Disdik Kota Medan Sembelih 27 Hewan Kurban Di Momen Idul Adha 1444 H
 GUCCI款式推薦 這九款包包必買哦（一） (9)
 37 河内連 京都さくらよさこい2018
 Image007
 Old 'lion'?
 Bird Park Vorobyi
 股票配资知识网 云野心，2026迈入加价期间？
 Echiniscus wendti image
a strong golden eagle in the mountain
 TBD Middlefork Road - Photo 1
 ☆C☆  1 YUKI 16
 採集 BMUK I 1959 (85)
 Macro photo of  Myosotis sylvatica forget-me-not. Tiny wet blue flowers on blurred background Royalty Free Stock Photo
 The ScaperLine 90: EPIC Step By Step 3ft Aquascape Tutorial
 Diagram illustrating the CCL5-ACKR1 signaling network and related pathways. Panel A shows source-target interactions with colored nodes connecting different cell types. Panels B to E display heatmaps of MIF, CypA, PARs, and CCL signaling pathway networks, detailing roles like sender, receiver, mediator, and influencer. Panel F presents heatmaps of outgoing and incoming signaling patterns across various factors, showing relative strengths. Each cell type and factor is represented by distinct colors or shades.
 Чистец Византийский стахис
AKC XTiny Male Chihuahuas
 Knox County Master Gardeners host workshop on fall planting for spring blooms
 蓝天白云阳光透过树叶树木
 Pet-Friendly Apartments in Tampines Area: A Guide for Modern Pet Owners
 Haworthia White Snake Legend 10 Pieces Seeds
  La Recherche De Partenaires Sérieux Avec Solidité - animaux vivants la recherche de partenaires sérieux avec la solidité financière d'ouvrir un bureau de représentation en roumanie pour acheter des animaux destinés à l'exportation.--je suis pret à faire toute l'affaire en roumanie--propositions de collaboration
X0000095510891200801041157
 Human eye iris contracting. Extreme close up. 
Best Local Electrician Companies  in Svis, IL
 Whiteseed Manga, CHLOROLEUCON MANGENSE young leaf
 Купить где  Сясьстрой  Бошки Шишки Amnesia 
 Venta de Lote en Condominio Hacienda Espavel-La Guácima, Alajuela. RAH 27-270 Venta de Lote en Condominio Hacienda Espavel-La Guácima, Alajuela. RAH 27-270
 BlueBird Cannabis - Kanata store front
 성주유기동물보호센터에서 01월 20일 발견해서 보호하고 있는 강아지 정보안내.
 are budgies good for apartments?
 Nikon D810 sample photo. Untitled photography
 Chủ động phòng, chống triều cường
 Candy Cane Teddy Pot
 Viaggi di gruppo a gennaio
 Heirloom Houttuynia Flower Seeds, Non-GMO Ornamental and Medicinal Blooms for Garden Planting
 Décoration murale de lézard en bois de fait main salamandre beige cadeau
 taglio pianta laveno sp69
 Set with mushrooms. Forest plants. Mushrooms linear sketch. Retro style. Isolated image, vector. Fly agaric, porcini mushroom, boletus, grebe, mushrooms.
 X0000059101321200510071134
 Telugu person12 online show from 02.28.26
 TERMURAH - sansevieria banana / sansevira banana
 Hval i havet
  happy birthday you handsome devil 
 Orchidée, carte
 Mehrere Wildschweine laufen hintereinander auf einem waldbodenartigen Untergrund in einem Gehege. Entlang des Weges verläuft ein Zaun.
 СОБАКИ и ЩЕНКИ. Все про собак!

-------

* **PROBLEM REQUIREMENTS**: The whole listing above needs to be written out exactly.

* **EXERCISE OUTPUT**:
Disdik Kota Medan Sembelih 27 Hewan Kurban Di Momen Idul Adha 1444 H
 GUCCI款式推薦 這九款包包必買哦（一） (9)
 37 河内連 京都さくらよさこい2018
 Image007
 Old 'lion'?
 Bird Park Vorobyi
 股票配资知识网 云野心，2026迈入加价期间？
 Echiniscus wendti image
a strong golden eagle in the mountain
 TBD Middlefork Road - Photo 1
 ☆C☆  1 YUKI 16
 採集 BMUK I 1959 (85)
 Macro photo of  Myosotis sylvatica forget-me-not. Tiny wet blue flowers on blurred background Royalty Free Stock Photo
 The ScaperLine 90: EPIC Step By Step 3ft Aquascape Tutorial
 Diagram illustrating the CCL5-ACKR1 signaling network and related pathways. Panel A shows source-target interactions with colored nodes connecting different cell types. Panels B to E display heatmaps of MIF, CypA, PARs, and CCL signaling pathway networks, detailing roles like sender, receiver, mediator, and influencer. Panel F presents heatmaps of outgoing and incoming signaling patterns across various factors, showing relative strengths. Each cell type and factor is represented by distinct colors or shades.
 Чистец Византийский стахис
AKC XTiny Male Chihuahuas
 Knox County Master Gardeners host workshop on fall planting for spring blooms
 蓝天白云阳光透过树叶树木
 Pet-Friendly Apartments in Tampines Area: A Guide for Modern Pet Owners
 Haworthia White Snake Legend 10 Pieces Seeds
  La Recherche De Partenaires Sérieux Avec Solidité - animaux vivants la recherche de partenaires sérieux avec la solidité financière d'ouvrir un bureau de représentation en roumanie pour acheter des animaux destinés à l'exportation.--je suis pret à faire toute l'affaire en roumanie--propositions de collaboration
X0000095510891200801041157
 Human eye iris contracting. Extreme close up. 
Best Local Electrician Companies  in Svis, IL
 Whiteseed Manga, CHLOROLEUCON MANGENSE young leaf
 Купить где  Сясьстрой  Бошки Шишки Amnesia 
 Venta de Lote en Condominio Hacienda Espavel-La Guácima, Alajuela. RAH 27-270 Venta de Lote en Condominio Hacienda Espavel-La Guácima, Alajuela. RAH 27-270
 BlueBird Cannabis - Kanata store front
 성주유기동물보호센터에서 01월 20일 발견해서 보호하고 있는 강아지 정보안내.
 are budgies good for apartments?
 Nikon D810 sample photo. Untitled photography
 Chủ động phòng, chống triều cường
 Candy Cane Teddy Pot
 Viaggi di gruppo a gennaio
 Heirloom Houttuynia Flower Seeds, Non-GMO Ornamental and Medicinal Blooms for Garden Planting
 Décoration murale de lézard en bois de fait main salamandre beige cadeau
 taglio pianta laveno sp69
 Set with mushrooms. Forest plants. Mushrooms linear sketch. Retro style. Isolated image, vector. Fly agaric, porcini mushroom, boletus, grebe, mushrooms.
 X0000059101321200510071134
 Telugu person12 online show from 02.28.26
 TERMURAH - sansevieria banana / sansevira banana
 Hval i havet
  happy birthday you handsome devil 
 Orchidée, carte
 Mehrere Wildschweine laufen hintereinander auf einem waldbodenartigen Untergrund in einem Gehege. Entlang des Weges verläuft ein Zaun.
 СОБАКИ и ЩЕНКИ. Все про собак!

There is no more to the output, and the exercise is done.